Ta Hwan se encontraba en la cama, con el dolor insoportable que lo avecinaba, aún continuaba luchando por su vida, pero sabía Seung Nyang que no tenía mucho tiempo más, decirle la verdad solo lo había de dejar completamente desconsolado, no tendría caso decírselo, era mejor apoyarlo en sus últimos momentos de vida y que pudiera irse en paz, el médico le había comentado que estaba sorprendido de que el veneno no lo hubiera matado antes pues la dosis que le habían dado era suficiente como para yacer muerto hacia dos semanas antes, pero Seung Nyang sabía que Ta Hwan solo se aferraba a la última esperanza de victoria, una victoria que nunca llegaría tras la derrota de TalTal, pero que no sabría nunca, lo sentó en su regazo y lo acurruco sobre sus piernas, como hacía tiempo para limpiarle los oídos, se quedó con el hasta la noche, en donde al saber el triunfo de su victoria decidió al fin dormirse en paz.

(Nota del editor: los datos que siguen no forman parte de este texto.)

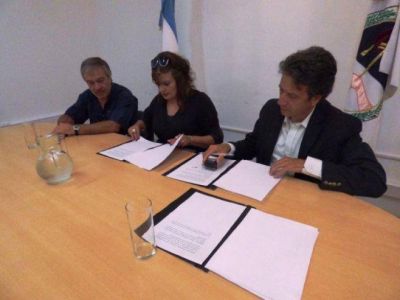 AMBIENTE Y CIENCIAS AGRARIAS FIRMAN ACUERDO FAVORABLE AL PATRIMONIO NATURAL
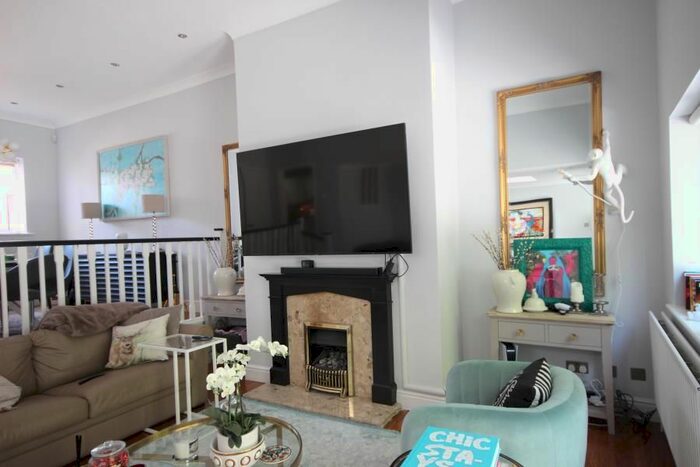 4 Bedroom Mews House To Rent In Garth Mews, Greystoke Gardens, Ealing, London, W5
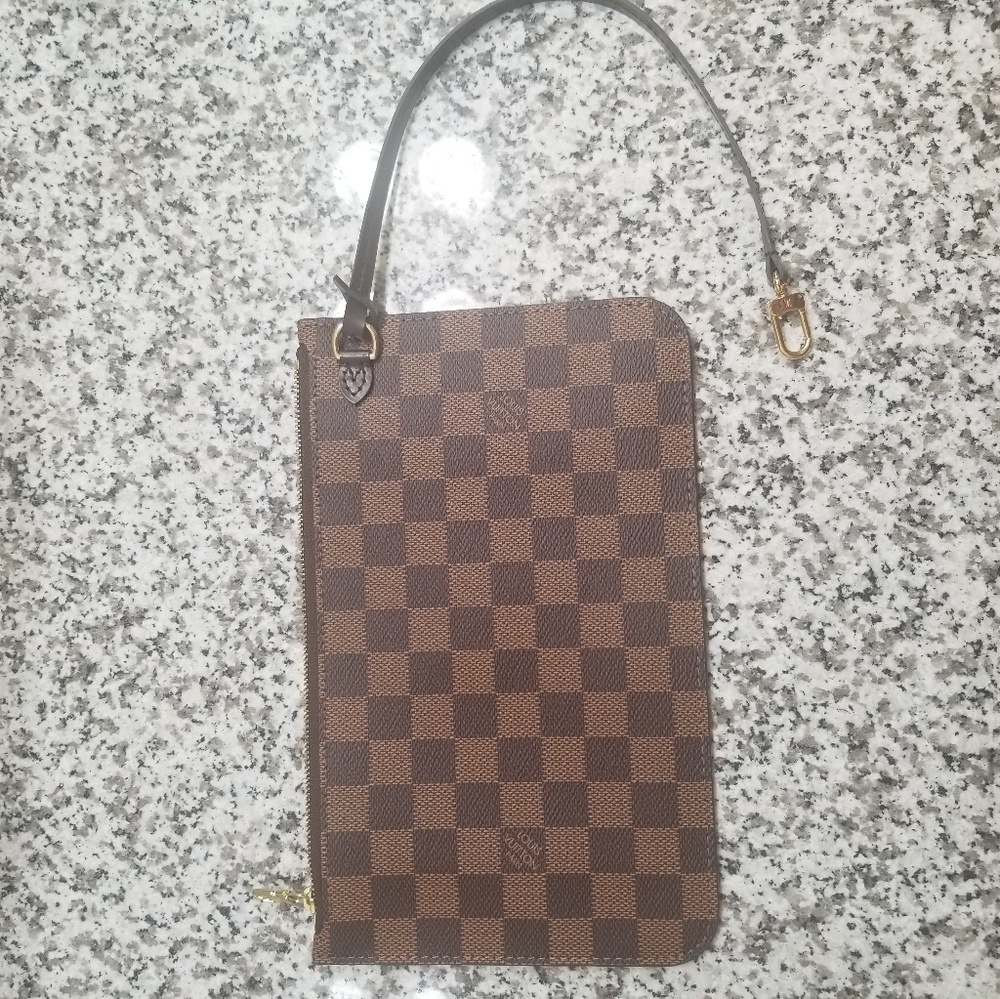 Louis Vuitton Pouchette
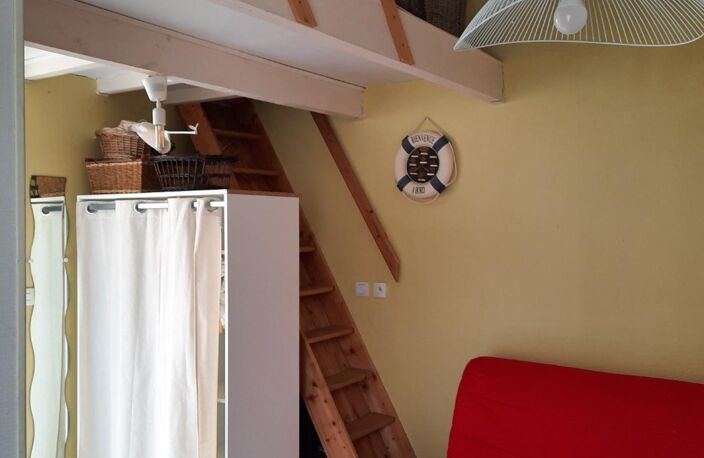 La Rochelle, studio de 2002, cour et parking — photo 3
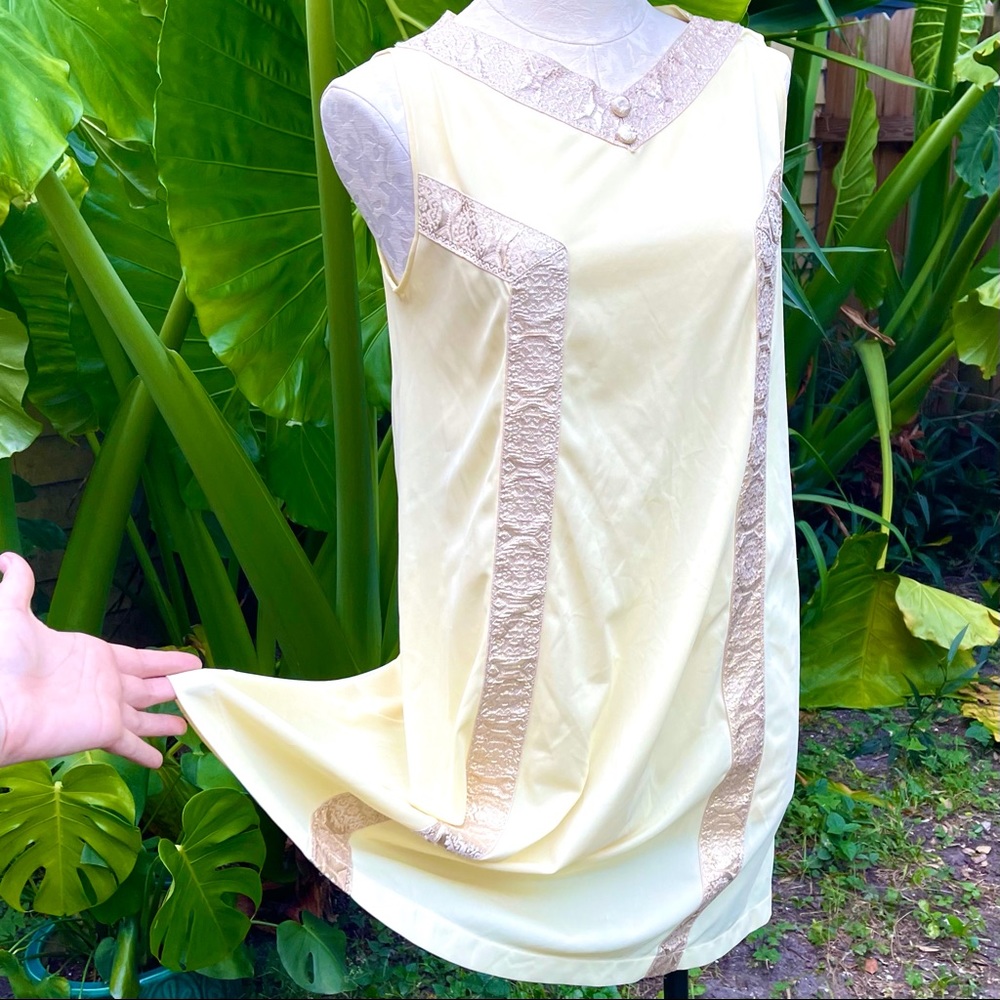 50’s 60’s vintage buttery pastel yellow lingerie babydoll dress Cher Costume L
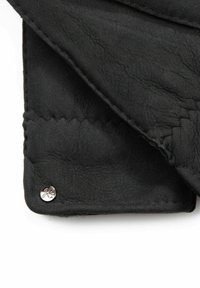 Schwarze Lederbrieftasche mit strukturierter Oberfläche, sichtbarer Naht und silberfarbenem, gebrandetem Druckknopf. Oben gefaltete Kanten erzeugen einen mehrlagigen Look.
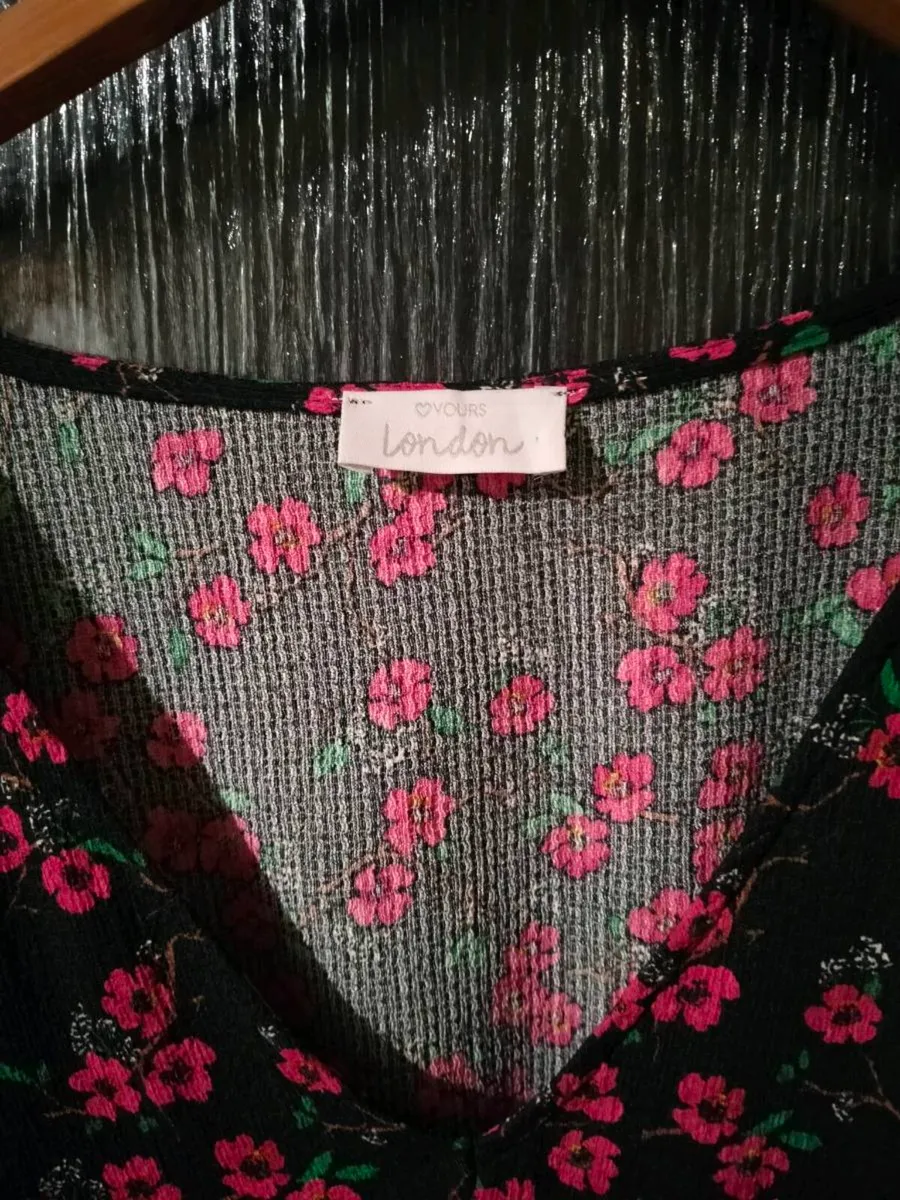 Yours London. Dress with pink flowers on black bac - Image 4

Seung Nyang sabía que no quedaba mucho tiempo para escapar, había preparado a todo el palacio para que lo abandonaran desde que escuchó la noticia, su eunuco había hecho bien el trabajo de desalojo, al salir de la habitación del emperador con lágrimas en sus ojos ya casi no quedaba nadie, los guardias del palacio aun lograban resistir la invasión pero sabía Seung Nyang Que no tendría mucho tiempo para huir, decidió escapar hacia su palacio, donde habría mandado a construir desde hace tiempo un pasadizo secreto por si esta situación se presentaba en algún momento, ya había logrado desalojar a la mayoría y solo quedaban los guardias en el camino, la pelea se escuchaba a lo lejos y sabia Seung Nyang que tenía que apurar el paso, justo antes de llegar a su palacio, termino encontrándose con el ejército rebelde, estos se encontraban comandados por el general Hyun Kwan.